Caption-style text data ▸
Start of Block
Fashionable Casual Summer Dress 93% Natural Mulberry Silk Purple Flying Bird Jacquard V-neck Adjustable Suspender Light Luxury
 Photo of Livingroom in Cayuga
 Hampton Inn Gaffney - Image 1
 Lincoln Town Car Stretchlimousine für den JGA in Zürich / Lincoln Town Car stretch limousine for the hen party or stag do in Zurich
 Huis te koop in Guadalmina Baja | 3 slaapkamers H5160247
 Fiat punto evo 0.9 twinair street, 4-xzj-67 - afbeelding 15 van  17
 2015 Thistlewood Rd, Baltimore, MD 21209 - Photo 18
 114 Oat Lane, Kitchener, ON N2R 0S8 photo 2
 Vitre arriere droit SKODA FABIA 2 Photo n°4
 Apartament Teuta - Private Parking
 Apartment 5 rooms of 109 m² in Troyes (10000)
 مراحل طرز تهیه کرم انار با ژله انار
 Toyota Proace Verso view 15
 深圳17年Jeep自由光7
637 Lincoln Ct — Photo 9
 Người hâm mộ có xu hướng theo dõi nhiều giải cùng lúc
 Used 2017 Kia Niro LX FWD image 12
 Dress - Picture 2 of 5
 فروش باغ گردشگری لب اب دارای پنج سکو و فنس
End of Block
What you have to do ▸ Give the data again in full, keeping every line as it was.

Exercise solution ▸
Fashionable Casual Summer Dress 93% Natural Mulberry Silk Purple Flying Bird Jacquard V-neck Adjustable Suspender Light Luxury
 Photo of Livingroom in Cayuga
 Hampton Inn Gaffney - Image 1
 Lincoln Town Car Stretchlimousine für den JGA in Zürich / Lincoln Town Car stretch limousine for the hen party or stag do in Zurich
 Huis te koop in Guadalmina Baja | 3 slaapkamers H5160247
 Fiat punto evo 0.9 twinair street, 4-xzj-67 - afbeelding 15 van  17
 2015 Thistlewood Rd, Baltimore, MD 21209 - Photo 18
 114 Oat Lane, Kitchener, ON N2R 0S8 photo 2
 Vitre arriere droit SKODA FABIA 2 Photo n°4
 Apartament Teuta - Private Parking
 Apartment 5 rooms of 109 m² in Troyes (10000)
 مراحل طرز تهیه کرم انار با ژله انار
 Toyota Proace Verso view 15
 深圳17年Jeep自由光7
637 Lincoln Ct — Photo 9
 Người hâm mộ có xu hướng theo dõi nhiều giải cùng lúc
 Used 2017 Kia Niro LX FWD image 12
 Dress - Picture 2 of 5
 فروش باغ گردشگری لب اب دارای پنج سکو و فنس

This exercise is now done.